### Exercise materials
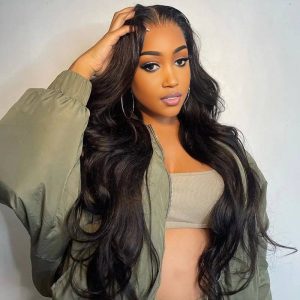 center wig 13x4 body wave lace front wig natural black remy hair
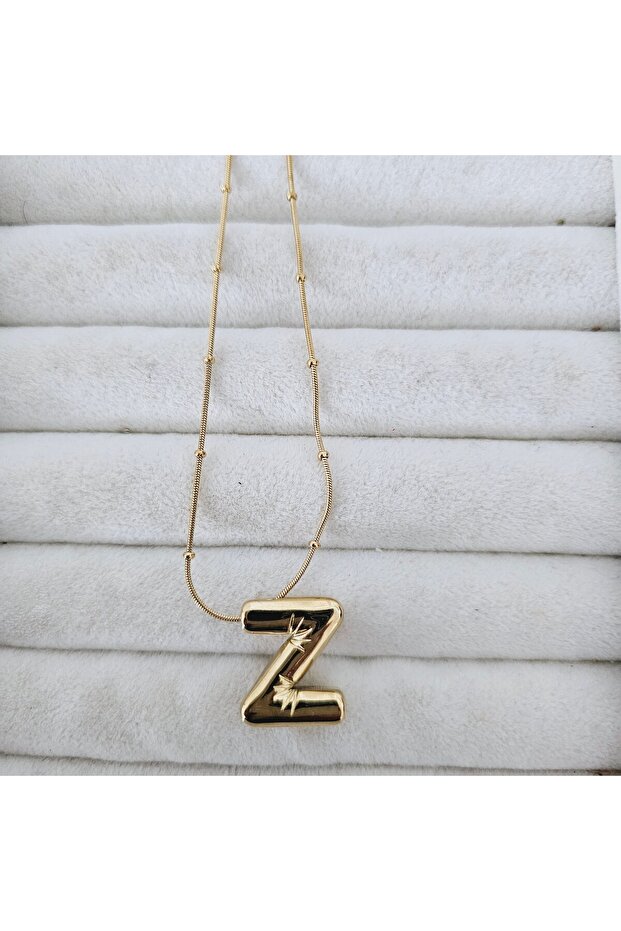 Steel Balloon Letter Z Necklace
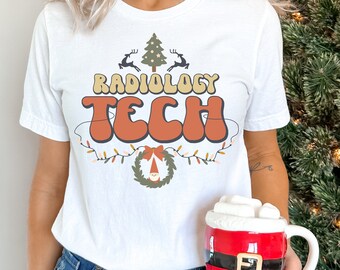 Radialogy Tech Christmas Shirt, Retro Xmas Radiology Technician Tshirt, Rad Tech Tee, Radiographer T-Shirt, Team Group Squad, Xray Tech Gift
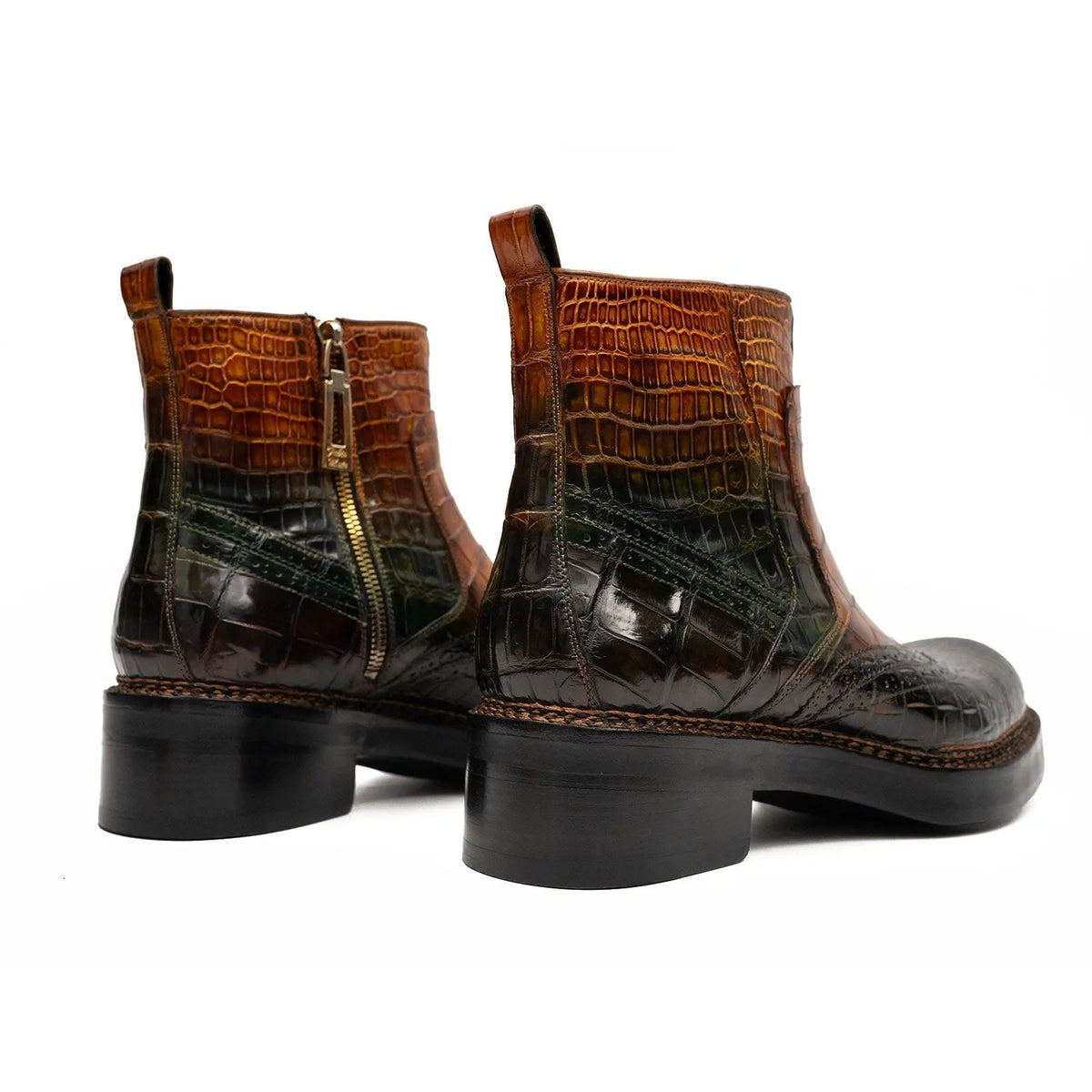Multicolor Crocodile Leather Chelsea Boots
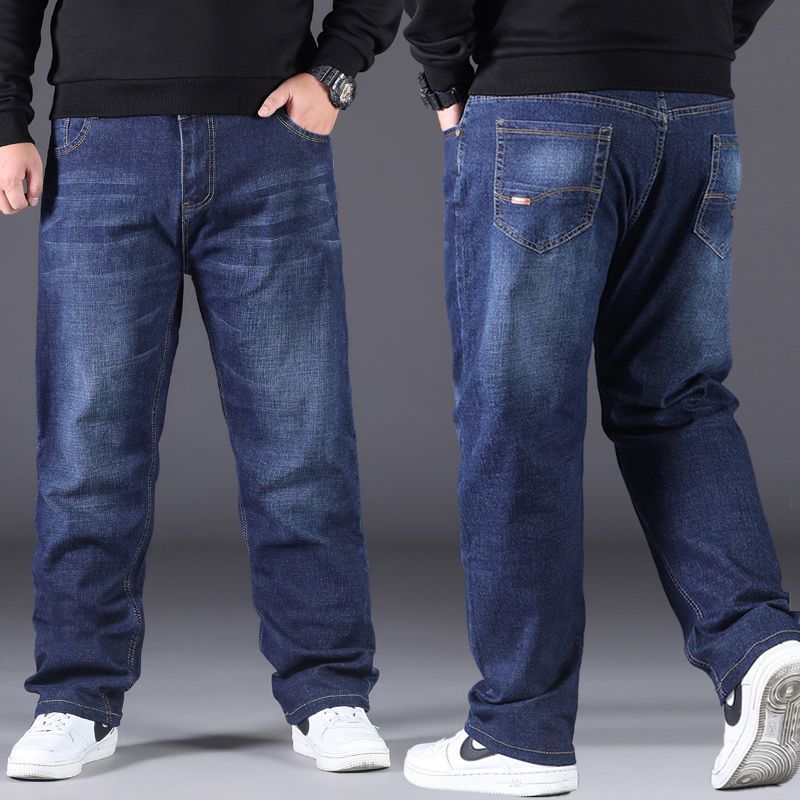 10XL Übergröße Jeans Herrenmode Herren Jeans Weite Bein Jeanshose Hosen Für Männer Arbeiten Wandern Alltagskleidung Lose Große Größe Jeans 50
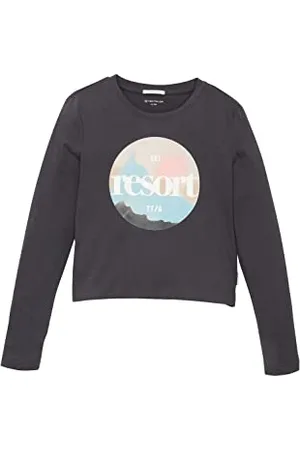 TOM TAILOR Mädchen Kinder Langarmshirt mit Print 1033892, Grau, 128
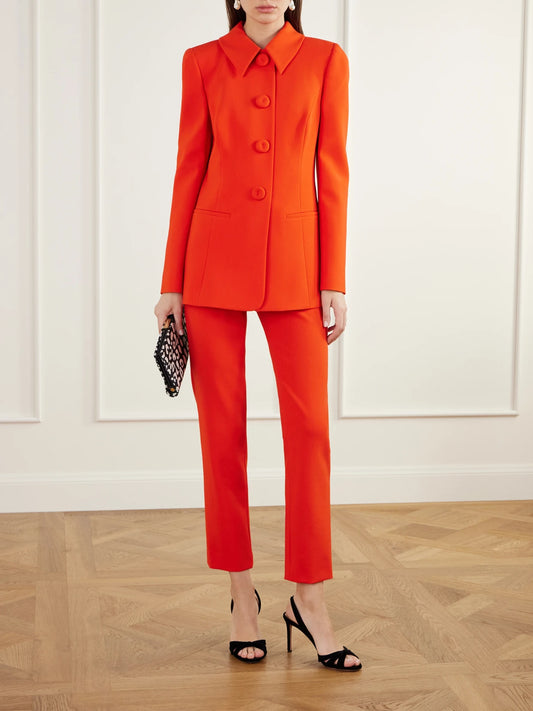 Image of Coats & Jackets. Product name - Stretch Wool-blend Twill Jacket in Red colour by brand - Carolina Herrera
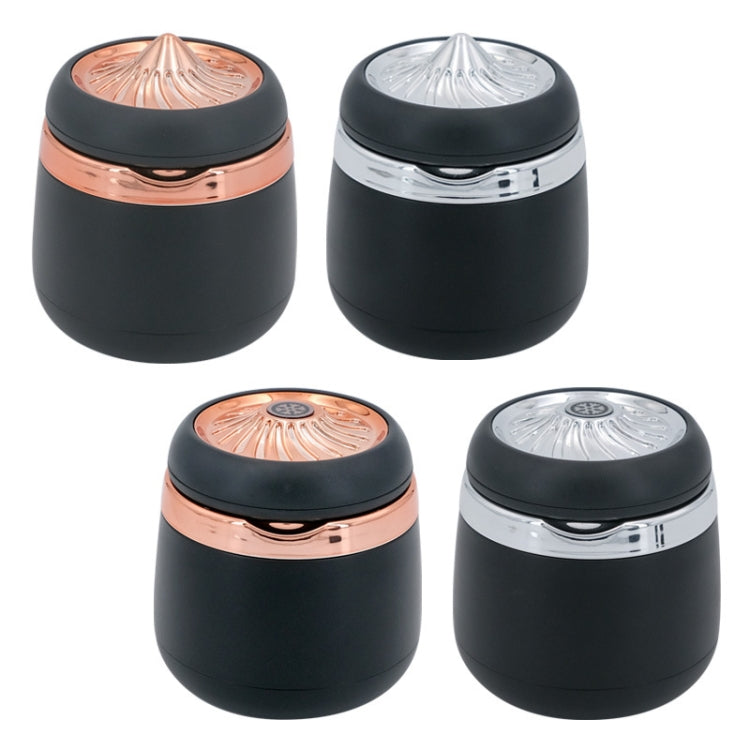 Mini car ashtray set showing rose-gold and silver finishes with black base and lid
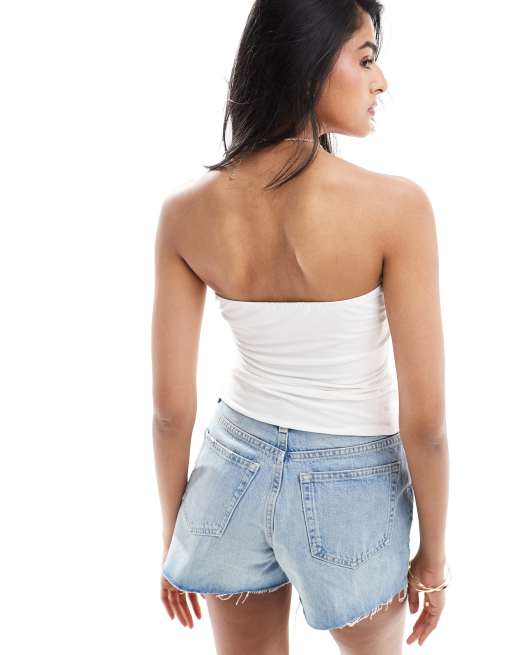 Top blanco ceñido con escote palabra de honor y diseño de dos capas de ASOS DESIGN, 4 de 4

### Exercise objective
Output each line of the records exactly. Any picture is skipped.

### Result of this exercise
 center wig 13x4 body wave lace front wig natural black remy hair
 Steel Balloon Letter Z Necklace
 Radialogy Tech Christmas Shirt, Retro Xmas Radiology Technician Tshirt, Rad Tech Tee, Radiographer T-Shirt, Team Group Squad, Xray Tech Gift
Multicolor Crocodile Leather Chelsea Boots
 10XL Übergröße Jeans Herrenmode Herren Jeans Weite Bein Jeanshose Hosen Für Männer Arbeiten Wandern Alltagskleidung Lose Große Größe Jeans 50
 TOM TAILOR Mädchen Kinder Langarmshirt mit Print 1033892, Grau, 128
 Image of Coats & Jackets. Product name - Stretch Wool-blend Twill Jacket in Red colour by brand - Carolina Herrera
 Mini car ashtray set showing rose-gold and silver finishes with black base and lid
 Top blanco ceñido con escote palabra de honor y diseño de dos capas de ASOS DESIGN, 4 de 4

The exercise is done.